Since the special meeting of council on Aug. 26, the tuition benefit has not been discussed in council or executive meetings.
“KSA will provide the Runner with documents that it is legally required to disclose to KSA members when a request has been made in writing and the legal basis for the request is identified. Generally, KSA will not disclose documents that it is not legally required to disclose to its members,” reads the executives’ email statement.
KSA records include “books, documents, maps, drawings, photographs, letters, vouchers, papers and any other thing on which information is recorded or stored by graphic, electronic, mechanical or other means,” under their Regulations. Records can be inspected by any member of the society, under KSA bylaws.

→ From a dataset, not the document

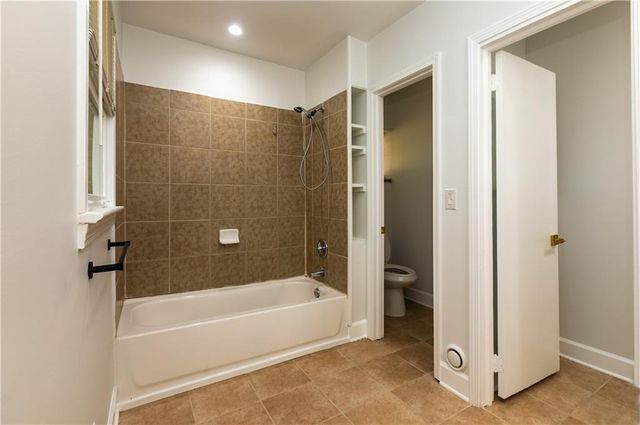 1392 Lively Ridge Road NE, Atlanta, GA 30329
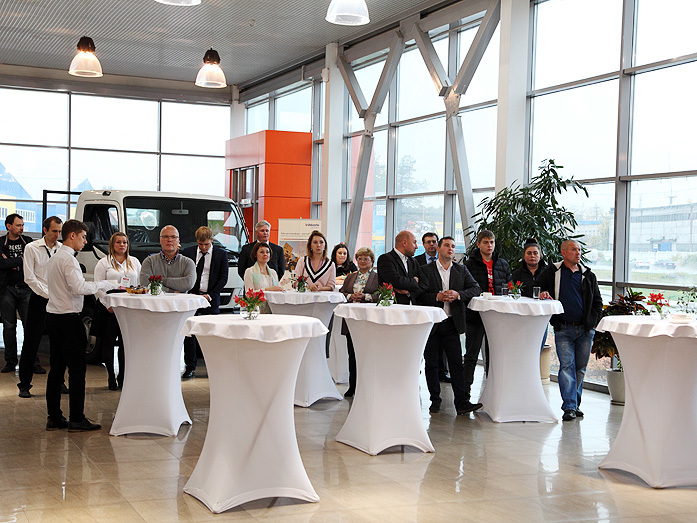 «В своем классе это бестселлер» – бизнесмены протестировали новое авто японского бренда 4 «В своем классе это бестселлер» – бизнесмены протестировали новое авто японского бренда 4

The Runner requested copies through the Autonomy Agreement, a legal agreement the KSA signed with the Polytechnic Ink Publishing Society (PIPS) in 2019, of documents for payment amounts, benefits, and hours worked for the KSA executives from June 1 to Nov. 1, and copies of legal invoices pertaining to The Runner’s information requests and emailed questions from Sept. 1 to Dec. 1.

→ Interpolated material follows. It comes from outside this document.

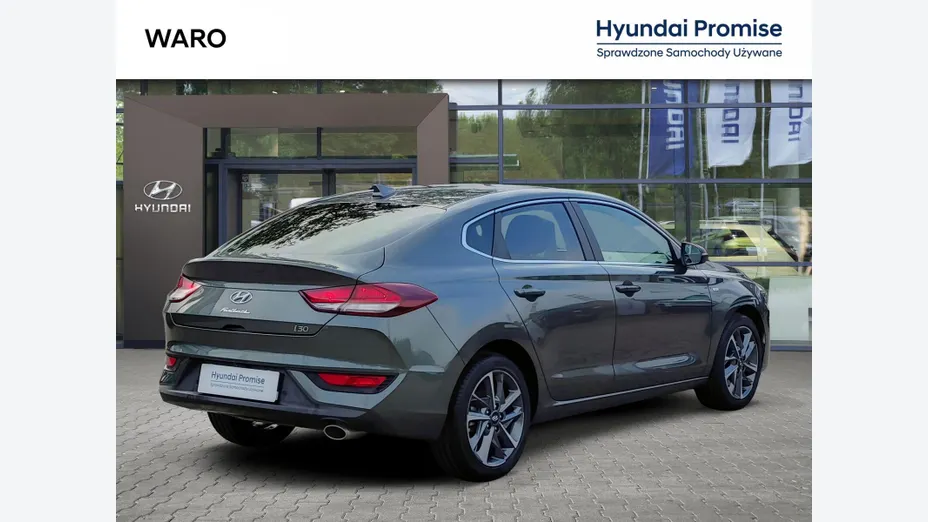 HYUNDAI i30 i30 Fastback 1.5 T-GDI 48V Smart DCT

Under the Autonomy Agreement, the KSA shall “guarantee PIPS right to access all KSA documents and records” and “legal and professional invoices” and “information about the hours, payments and benefits of KSA councillors,” excluding human resource matters, legal advice and in camera minutes.
“It is our interpretation that you do not have a basis for requesting these documents that are beyond what we legally must disclose to our members. Even if we assume that the provisions you rely on are valid, which we strongly question, we disagree that it captures the requested documents,” Dhillon said in the email response on Jan. 9.
“This Agreement will endure to the benefit of and be binding upon the parties hereto and their successors and permitted assigns,” according to the Agreement.
The Runner will provide updates as information becomes available.